Todos teníamos en la pared principal del comedor, alguno de aquellos cuadros de autor desconocido que representaban paisajes bucólicos con playas exóticas, lagos lejanos y montañas nevadas o jarrones de flores que nunca se marchitaban. Había quien llenaba las paredes de cuadros para decorar la casa y de paso esconder los desconchones de la pared antes de que se pusiera de moda el papel pintado que tantos defectos enmascaró en los hogares más humildes.
Los cuadros nunca se pasaban de moda porque nunca estuvieron de moda. Estaban allí, presentes, sin nadie que los mirara, y se iban haciendo viejos acumulando polvo en silencio mientras la vida iba pasando. Nacíamos entre aquellos cuadros insípidos cogidos con alcayatas que se convertían en testigos mudos de nuestra propia vida, desde que éramos niños hasta que un día dejábamos el hogar familiar. Volvíamos de la mili y aquellos cuadros ignorados seguían en el mismo sitio, como moluscos incrustados en la pared.
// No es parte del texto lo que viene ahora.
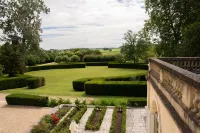 Château de Lussac Hotels in Coutras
Los muebles no eran de temporada como lo son ahora ni los cambiaban las modas. Los muebles de antes eran imbatibles, lo resistían todo, el paso del tiempo, la humedad y los caprichos, por lo que se compraban con la esperanza de que duraran toda la vida. Los muebles se heredaban y pasaban de generación a generación antes de terminar en las manos de un anticuario.
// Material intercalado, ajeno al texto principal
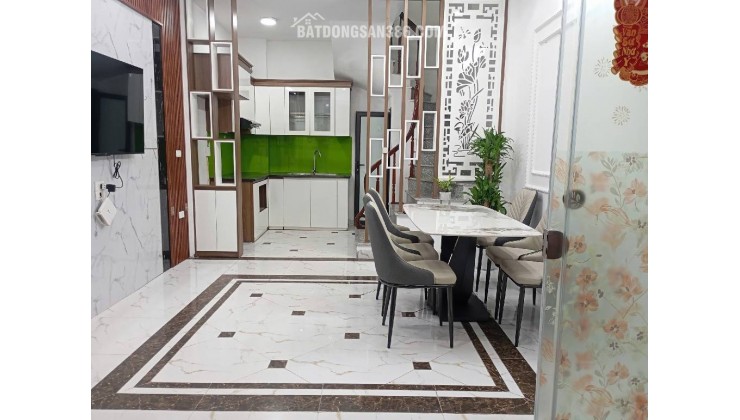Căn nhà 5 tầng 30m Phúc Lợi 5.6 tỷ,sổ đỏ Long Biên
Cada habitación tenía entonces su estética que afectaba directamente a los muebles y al decorado. En casi todas las casas, al menos en las que yo conocía en mi barrio, existía la costumbre de adornar los dormitorios con motivos religiosos.
En la pared, encima del cabecero de la cama, solía reinar el crucifijo con la figura de Jesucristo custodiando la intimidad de las parejas. Ya de niño solía preguntarme cómo lo hacían los matrimonios para inspirarse a la hora del amor teniendo encima la mirada del Señor que según nos contaban los curas todo lo veía. Era habitual también que en la mesita de noche se colocara un paño blanco y encima el pesebre con el niño Jesús, como si no tuvieran bastante con el crucifijo, y que en casos extremos se llegara a poner el cuadro de la Purísima para convertir el dormitorio en una auténtica capilla.
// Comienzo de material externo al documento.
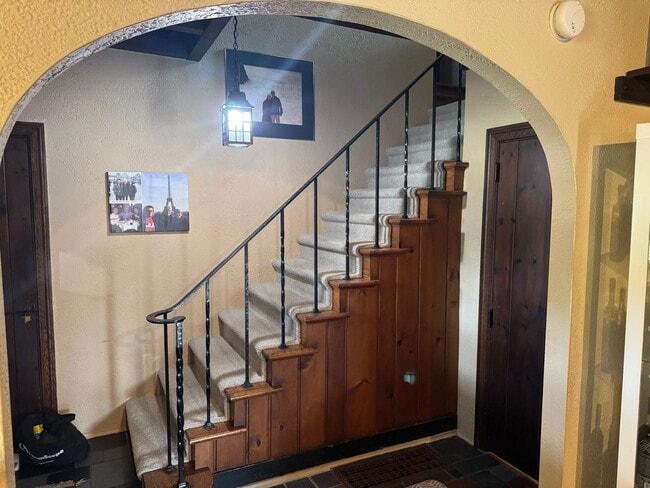 Building Photo - Lansdale Charming 4 Bedroom Cape Cod with ...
Las alcobas antiguas tenían sus armarios con grandes espejos, auténticos mastodontes donde los niños solíamos ocultarnos cuando jugábamos al escondite o cuando se nos ocurría practicar el espionaje y disfrutar del placer de ver sin ser vistos. Los armarios viejos olían a bolas de alcanfor y guardaban auténticos tesoros: aquella pelliza del abuelo que nunca más se usó y que los nietos utilizábamos a escondidas para disfrazarnos, o el uniforme de la mili del padre que por mucho que pasara el tiempo siempre olía a garita y a cuartel.
El mueble más importante de la alcoba era la cama de matrimonio, que a los niños nos parecía un transatlántico en medio de la noche. Al lado de la cama, colgando de la pared, aparecía la perilla para encender y apagar la luz, y debajo, para que no se viera, la querida escupidera, el orinal, que en aquellos tiempos era nuestro váter portátil. El uso de la escupidera era obligatorio ya que la mayoría de las casas tenían el cuarto de baño, por llamarlo de algún modo, en un habitáculo del patio. Levantarse de madrugada en invierno y cruzar el patio para orinar era un riesgo innecesario porque podías coger un enfriamiento. Para evitar esta aventura se recurría a aquella humilde escupidera blanca que se convertía en el tambor de la madrugada cuando el chorro golpeaba su superficie metálica, rasgando el silencio de los sueños.
La estética de las casas empezó a cambiar cuando llegó la televisión y el resto de los muebles pasó a un segundo plano. Teniendo una buena tele poco importaba ya el viejo arcón o el baúl centenario donde se guardaban las fotos sepias. La tele nos transformó por dentro y por fuera y para hacerla más acogedora, para integrarla definitivamente en el hogar, las madres solían decorarla con un tapete de ganchillo encima y alguna figura.
Coincidiendo con la democratización del televisor llegó la moda del papel pintado, que nos hizo más alegres nuestras aburridas paredes y le dio otro aire al decorado. El papel pintado entró en nuestras casas como un ciclón, transmitiéndose de boca en boca. Las mujeres iban a ver la decoración que había puesto la vecina y una semanas después nuestros hogares parecían tan cambiados que teníamos la sensación de estar estrenando una casa nueva.
El papel pintado cambió la estampa de nuestras viejas paredes desconchadas a las que una vez al año el ‘blanqueaor’ les daba una mano de pintura para combatir la maldita humedad. El papel, sembrado de colores, flores y estampados, llegó con la promesa de quitarnos la humedad y de cambiar el aspecto monótono de nuestras paredes, que se llenaron de vida para adaptarse a los nuevos tiempos.